The task -> Type the listing below out again exactly. No images.

Data extract ->
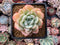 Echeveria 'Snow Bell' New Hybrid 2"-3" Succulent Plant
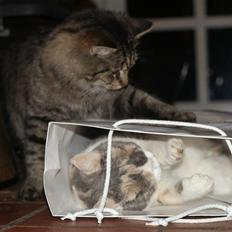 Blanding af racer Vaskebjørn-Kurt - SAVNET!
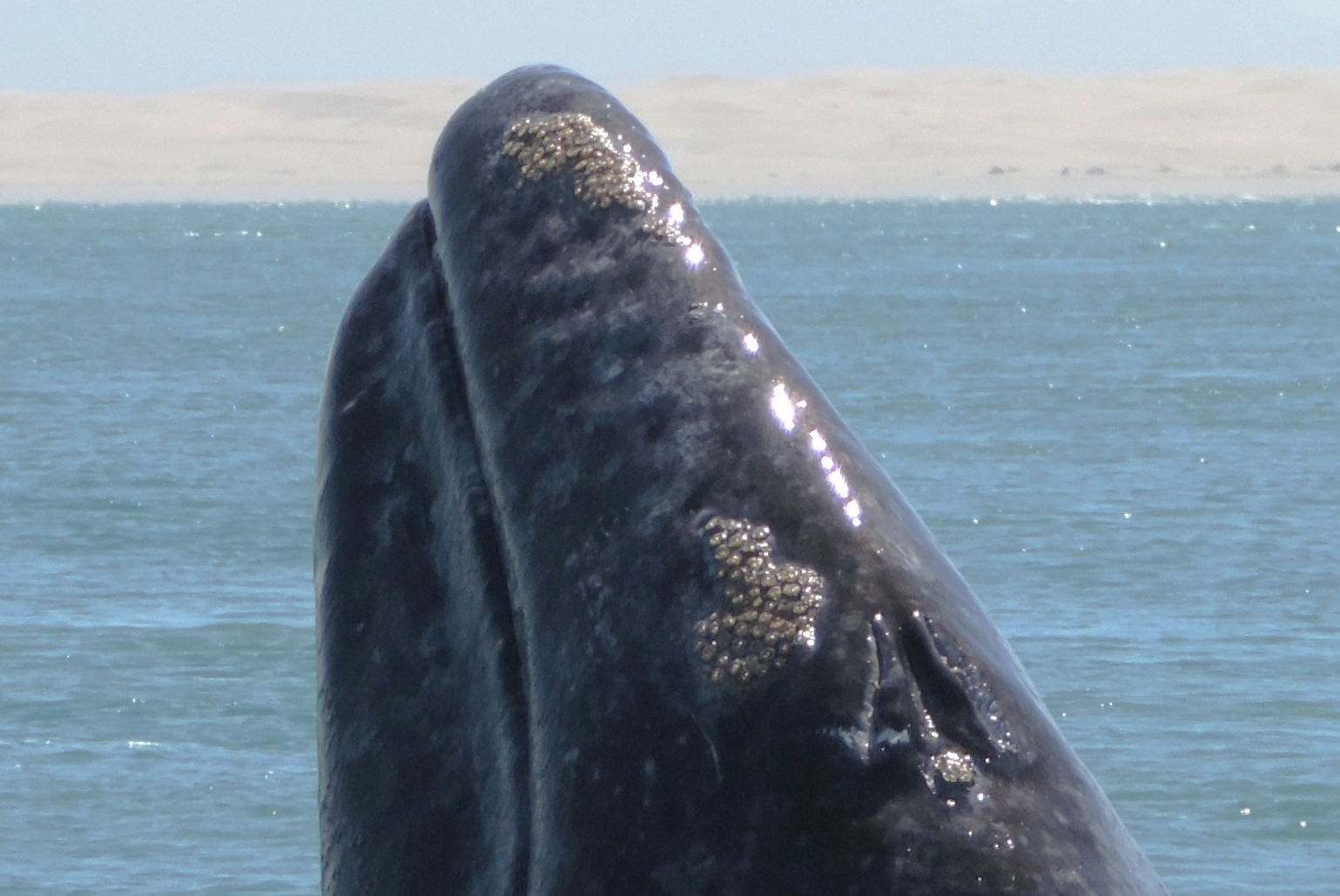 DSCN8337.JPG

Exercise result ->
 Echeveria 'Snow Bell' New Hybrid 2"-3" Succulent Plant
 Blanding af racer Vaskebjørn-Kurt - SAVNET!
 DSCN8337.JPG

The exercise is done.